The surprise choice of a politically inexperienced clergyman as its presidential candidate has exposed deep divisions within South Africa’s new opposition party weeks ahead of what had been expected to be the most fiercely contested elections since the end of apartheid.
The Congress of the People – formed in November following a split within the governing African National Congress – last week designated Bishop Mvume Dandala to challenge the ANC’s Jacob Zuma in an attempt to ease tensions between its two most prominent leaders, Mosiuoa Lekota and Mbhazima Shilowa. A party official on Sunday described the choice as “definitive” but it acknowledged that Bishop Dandala, the former head of the Methodist church in Southern Africa, had still not formally accepted and one prominent political analyst said on Sunday he could well turn down the nomination.
“This is not a done deal,” said Steven Friedman, director for the Centre for the Study of Democracy. “He has said he won’t do it without the party being united behind him.”
Mr Lekota, a former defence minister and ex-ANC party chairperson, and Mr Shilowa, a popular former ANC premier of Gauteng province, had been vying for the presidential nomination. However, at a heated meeting on Thursday other Cope politicians argued that both were too closely identified with policies and practices that the new party has criticised.

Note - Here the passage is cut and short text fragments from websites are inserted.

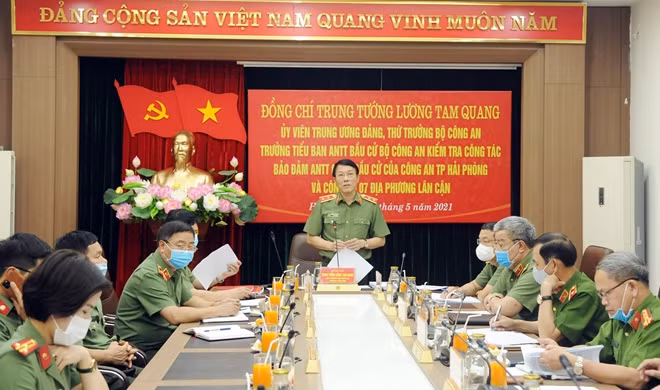 Deputy Minister Luong Tam Quang speaking at the event.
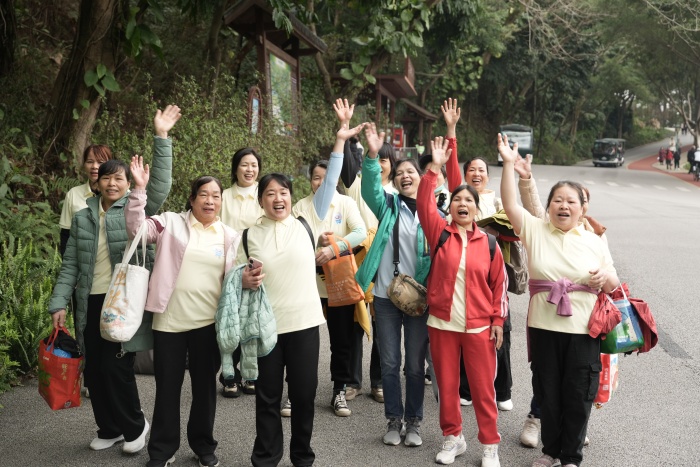巾帼健步展风采 口腔同行向未来——我院成功举办2025年“三八”妇女节职工健步走活动 第 4 张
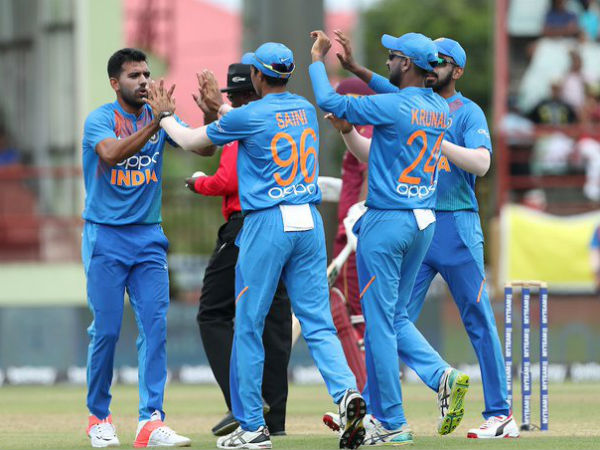 இளம் வீரர்களுக்கு வாய்ப்பு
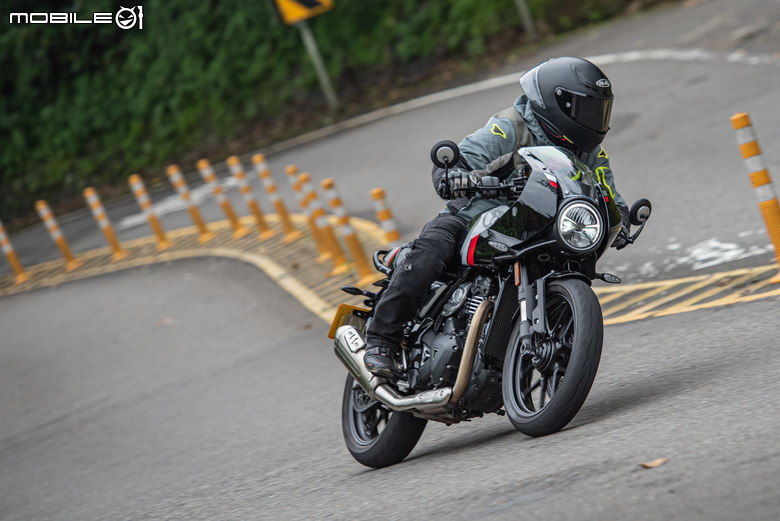 Triumph Thruxton 400試駕報告｜回到夢開始的地方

The party sees Bishop Dandala’s honesty and trustworthiness as an electoral asset in the battle against Mr Zuma, who faces multiple charges of corruption stemming from a multi-billion dollar arms deal.

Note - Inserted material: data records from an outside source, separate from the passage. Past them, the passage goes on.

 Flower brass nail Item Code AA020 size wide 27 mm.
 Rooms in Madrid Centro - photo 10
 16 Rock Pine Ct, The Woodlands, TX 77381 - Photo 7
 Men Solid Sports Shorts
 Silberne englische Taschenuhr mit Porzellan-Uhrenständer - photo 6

But critics suggest the decision could create a sense of uncertainty and dithering and will make it more difficult for the Cope to win votes from the ANC in poor urban and rural areas. “If we had an electorate full of floating voters, choosing a fresh face might work but party loyalties are very strong in this country,” said Mr Friedman.

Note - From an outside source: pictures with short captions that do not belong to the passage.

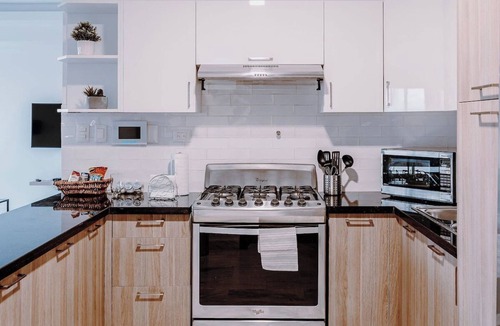 Gascue Apartment | Amplio apartamento con hermosa vista. /Spacious apartment with a beautiful view.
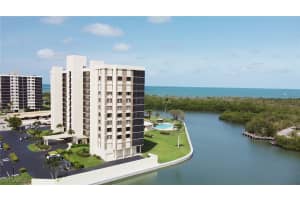 17 Bluebill Ave 901, Naples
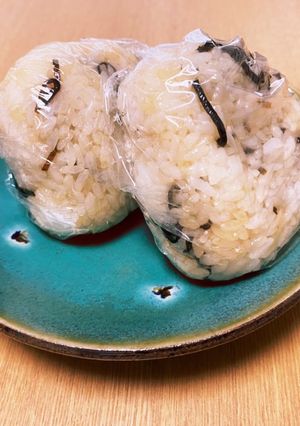 簡単!小腹に美味しい塩昆布おにぎり-レシピのメイン写真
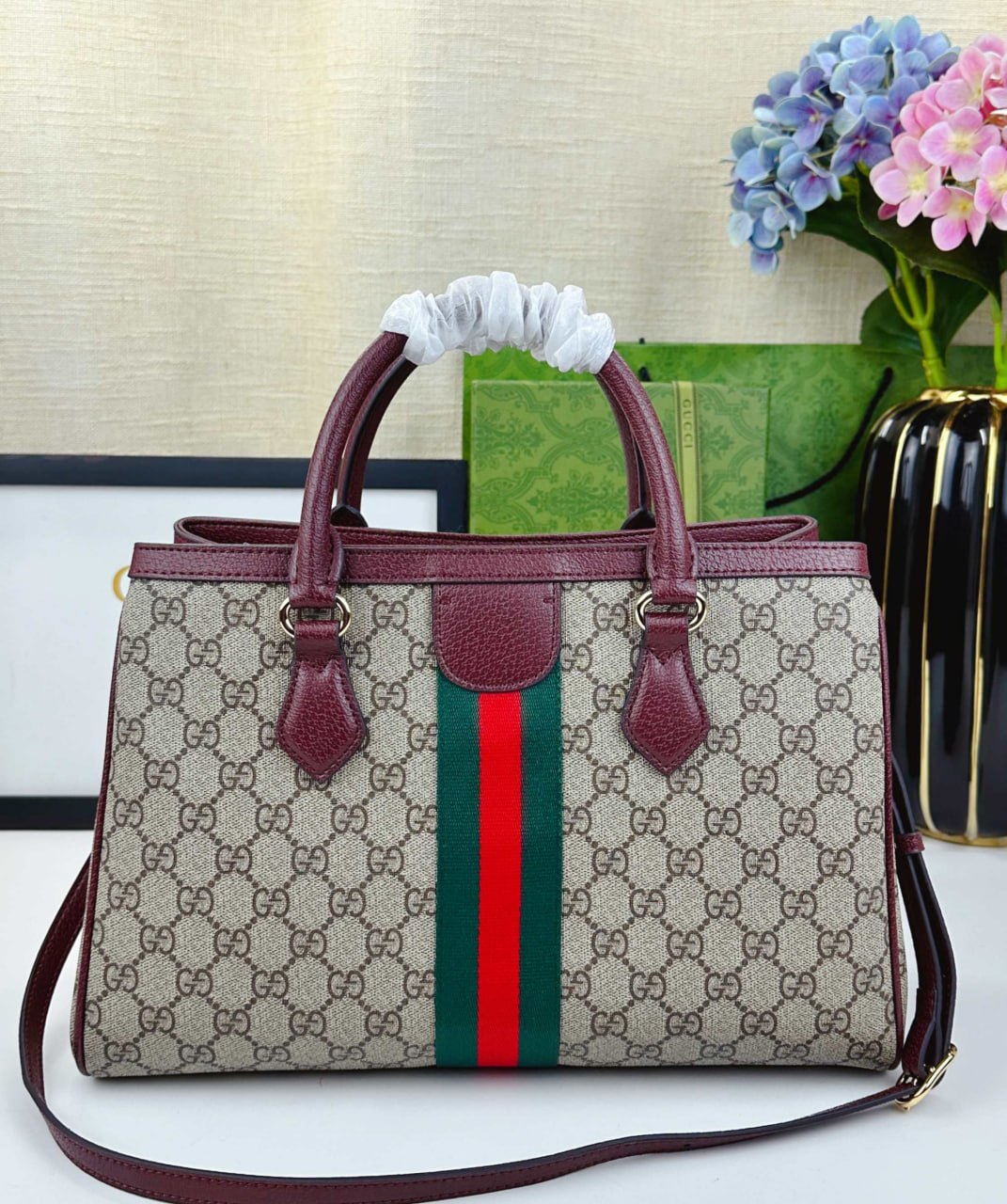 Gucci Ophidia Medium Tote Bag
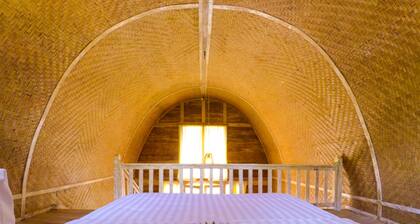 Budget peaceful Log cabin in Lovina V. 1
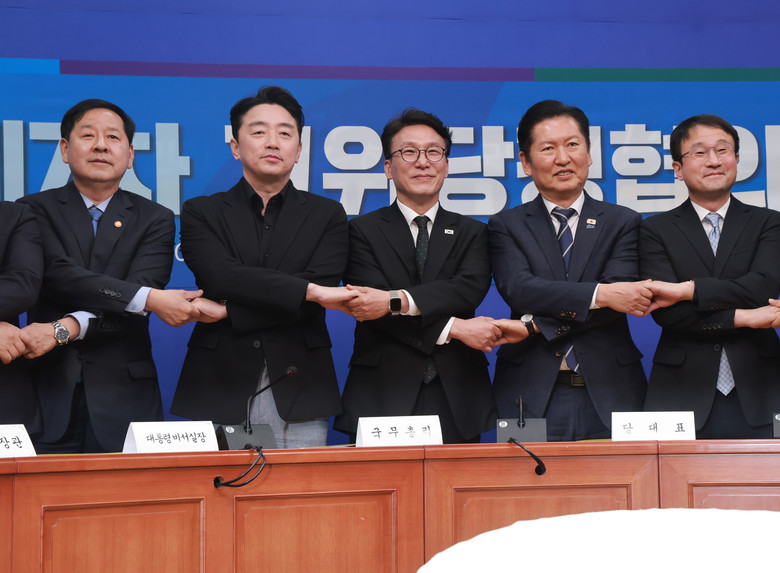 김민석 국무총리 "추경, 타이밍이 생...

The Cope will finalise lists for provincial premiers and parliamentary candidates on Monday. Elections are due to take place on April 22.
When it was founded last year, backers of the Cope had hoped to make a serious dent in the support base of the ANC, which has won overwhelming victories in the three post-apartheid elections. But in recent weeks analysts have lowered expectations for its chances.
The formation of the Cope was triggered by the ANC’s decision in September to oust former president Thabo Mbeki, and represented the biggest schism within the ruling party for half a century. The move followed Mr Zuma’s defeat of Mr Mbeki in elections for the party leadership in December 2007.
While some of Mr Mbeki’s allies have thrown their weight behind the Cope, the ANC – which has promised to increase social benefits paid to poor South Africans – is still expected to dominate at the polls.